Uma das maiores vozes do rádio brasileiro, locutor esportivo José Silvério completa 60 anos de carreira com a sensação de dever cumprido

Texto: Marco Aurélio Bissoli

Em 1955, uma criança colava seu ouvido no radinho de pilha para conferir o time do Flamengo ser tricampeão carioca. Foi amor à primeira vista. Nascia ali o mito José Silvério. Anos mais tarde, ele passaria da condição de ouvinte para o de dono de uma das vozes mais amadas do rádio brasileiro.

Menino pobre que cresceu com a ausência do pai em Itumirim, o locutor esportivo, que completa 60 anos de carreira, não guarda mágoas do passado. “Passei muita necessidade, mas superei isso através das coisas que eu queria fazer. Eu sempre soube me virar, fui muito esperto”, recorda.

Locutor atuou em 11 Copas do Mundo e incontáveis partidas clássicas do futebol brasileiro.

O locutor chegou a trabalhar em um bar e como engraxate na cidade natal. Nunca se rendeu às adversidades da vida. Foi também narrador de jogos de botão e irradiava jogos amadores. Hoje ele olha para o passado com a sensação de dever cumprido.
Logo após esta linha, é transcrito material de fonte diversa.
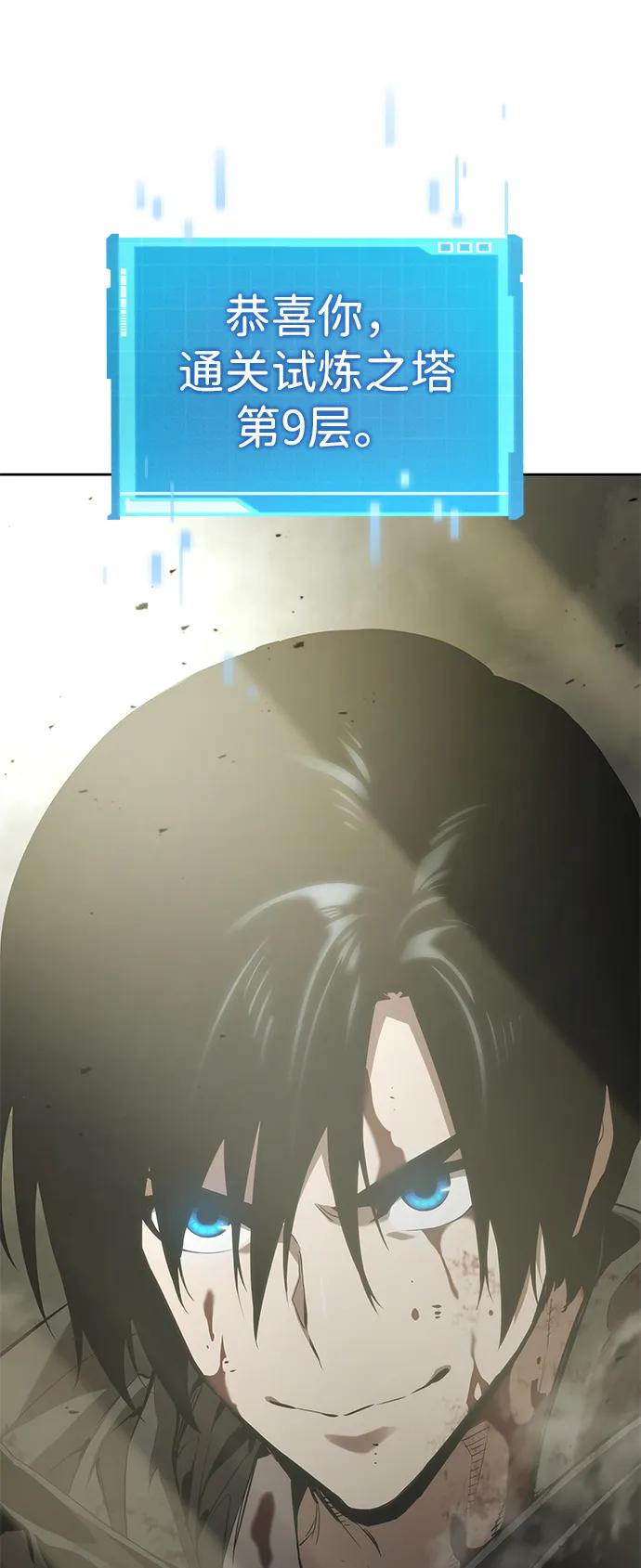 靠神级天赋无限成长 第29话 第122页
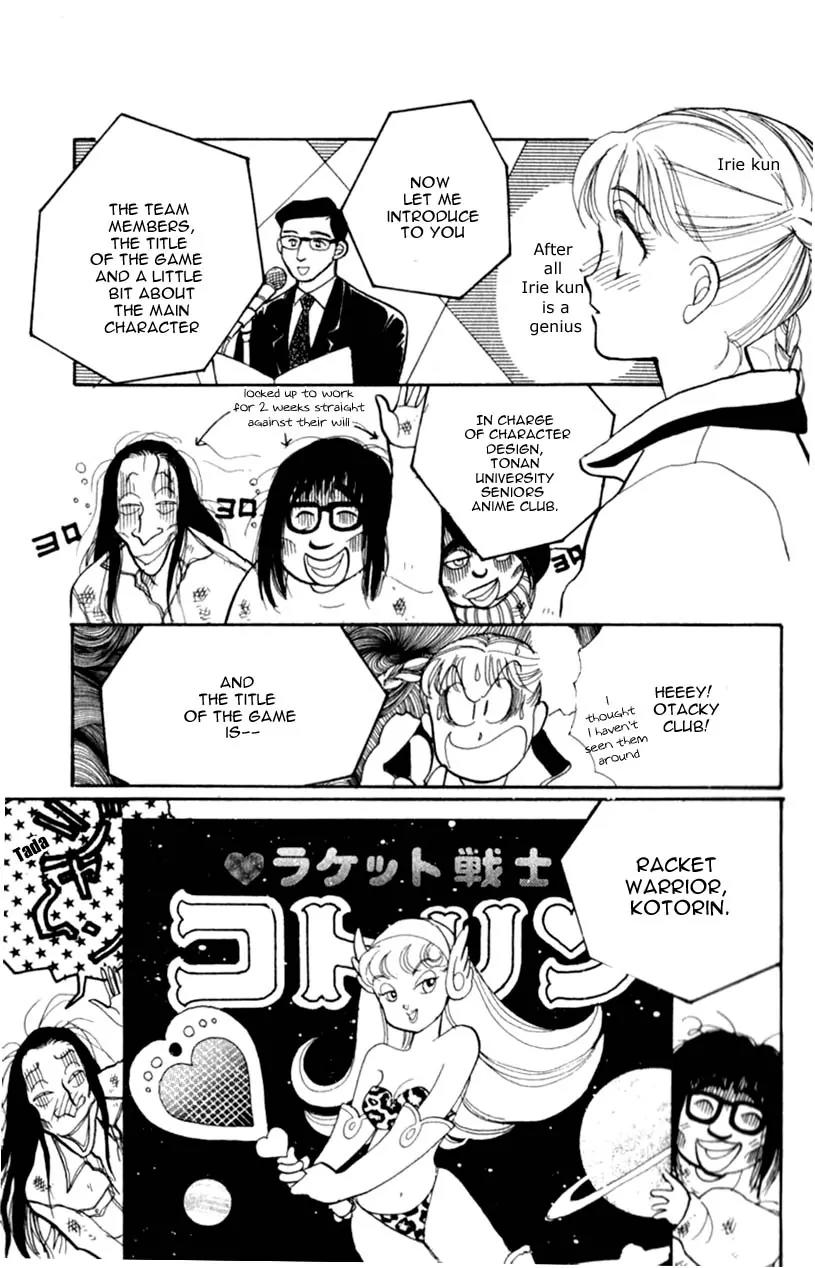Itazura na Kiss Chapter 42 page 25 - Chapter 42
José Silvério, 77 anos, começou a carreira narrando partidas de futebol dos clubes Associação Olímpica de Lavras e Fabril Esporte Clube, na Rádio Cultura de Lavras. Trabalhou ainda nas rádios Itatiaia e Inconfidência, de Belo Horizonte, Continental, do Rio de Janeiro, e Tupi, de São Paulo.
Em 1975, ele ingressou na Rádio Jovem Pan, de São Paulo. Era o segundo locutor, atrás de Osmar Santos, mas, com a saída deste, assumiu a titularidade em 1977. Trabalhou entre 2000 e 2020 para a Rádio Bandeirantes, também de São Paulo, onde teve como colegas de locução, Ulisses Costa e Rogério Assis. “Como locutor, tive portas abertas em todos os lugares. Sempre fui muito zeloso e sério com meu trabalho”, avalia.

O “pai do gol”, como ficou conhecido, tornou-se famoso por vários bordões, entre eles, “e que golaço!”, “vou soltar a minha voz”, “pega, que é sua” e “a bola ficou pedindo: “me chuta, me chuta!”. Ele conta que suas principais influências como narrador foram Pedro Luíz e Jorge Curi.
Hoje aposentado, José Silvério se dedica ao convívio familiar. Além dos filhos Alessandro, Andrea e Ana Cristina, reserva tempo para os cinco netos e o carinho da esposa Rose.
“Eu sempre fiz as coisas com determinação. Não era fácil me segurar. Se eu pudesse voltar a irradiar hoje, eu ficaria mais feliz. Eu tive sorte, hoje não há mais espaço para o locutor de rádio. A internet acabou com o rádio”, diz.

Amparado pelo Rei

José Silvério afirma que chegou a torcer pelo Flamengo e o Vasco da Gama nos tempos que morava em Itumirim, mas nunca foi torcedor de nenhum time. “O locutor não torce. Ele pode amar um time, mas ele torce por ele mesmo”, conta.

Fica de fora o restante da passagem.